(Data records)
########################################

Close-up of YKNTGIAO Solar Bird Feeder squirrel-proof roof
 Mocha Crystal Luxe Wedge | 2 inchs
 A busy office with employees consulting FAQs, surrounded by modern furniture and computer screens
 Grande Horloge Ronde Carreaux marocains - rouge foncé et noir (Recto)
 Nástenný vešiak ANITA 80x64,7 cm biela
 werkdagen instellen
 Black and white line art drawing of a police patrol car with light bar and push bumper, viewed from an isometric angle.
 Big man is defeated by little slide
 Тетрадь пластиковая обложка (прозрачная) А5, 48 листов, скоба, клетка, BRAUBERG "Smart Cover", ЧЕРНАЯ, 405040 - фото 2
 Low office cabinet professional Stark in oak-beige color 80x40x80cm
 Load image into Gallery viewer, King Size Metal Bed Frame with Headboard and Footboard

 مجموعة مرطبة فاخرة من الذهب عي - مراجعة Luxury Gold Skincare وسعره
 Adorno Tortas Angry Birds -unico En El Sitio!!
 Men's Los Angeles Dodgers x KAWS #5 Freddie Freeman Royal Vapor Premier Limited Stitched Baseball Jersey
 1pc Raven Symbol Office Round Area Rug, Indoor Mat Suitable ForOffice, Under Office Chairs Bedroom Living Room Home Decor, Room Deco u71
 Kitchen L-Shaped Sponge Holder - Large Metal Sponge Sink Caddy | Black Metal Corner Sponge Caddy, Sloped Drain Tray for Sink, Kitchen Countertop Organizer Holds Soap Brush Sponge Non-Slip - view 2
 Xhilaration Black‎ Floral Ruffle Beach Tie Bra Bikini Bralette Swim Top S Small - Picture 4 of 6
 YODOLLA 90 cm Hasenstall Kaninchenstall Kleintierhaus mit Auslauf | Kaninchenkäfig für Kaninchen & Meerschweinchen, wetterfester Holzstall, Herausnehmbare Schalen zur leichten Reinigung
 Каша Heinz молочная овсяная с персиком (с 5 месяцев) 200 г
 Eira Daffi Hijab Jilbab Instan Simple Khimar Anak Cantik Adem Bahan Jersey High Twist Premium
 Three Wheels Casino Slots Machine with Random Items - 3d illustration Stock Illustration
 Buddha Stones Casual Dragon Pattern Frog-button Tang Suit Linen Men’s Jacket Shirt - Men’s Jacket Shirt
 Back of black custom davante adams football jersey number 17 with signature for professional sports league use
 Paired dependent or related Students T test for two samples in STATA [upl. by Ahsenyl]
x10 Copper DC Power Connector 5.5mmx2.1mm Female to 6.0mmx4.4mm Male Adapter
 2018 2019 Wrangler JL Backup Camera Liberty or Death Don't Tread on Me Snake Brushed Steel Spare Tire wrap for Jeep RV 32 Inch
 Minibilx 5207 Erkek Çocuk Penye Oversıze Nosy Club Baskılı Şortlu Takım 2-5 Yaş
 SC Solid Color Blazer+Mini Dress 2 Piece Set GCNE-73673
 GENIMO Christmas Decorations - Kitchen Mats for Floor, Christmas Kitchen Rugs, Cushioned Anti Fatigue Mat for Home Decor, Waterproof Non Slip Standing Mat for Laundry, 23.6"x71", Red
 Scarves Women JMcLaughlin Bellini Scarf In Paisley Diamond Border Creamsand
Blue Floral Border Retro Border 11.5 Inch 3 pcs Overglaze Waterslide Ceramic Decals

########################################

Exercise:
Could you restate, word for word, the lines above from the one with "Тетрадь пластиковая обложка" to the one with "Low office cabinet", both included?

Solution below:
 Тетрадь пластиковая обложка (прозрачная) А5, 48 листов, скоба, клетка, BRAUBERG "Smart Cover", ЧЕРНАЯ, 405040 - фото 2
 Low office cabinet professional Stark in oak-beige color 80x40x80cm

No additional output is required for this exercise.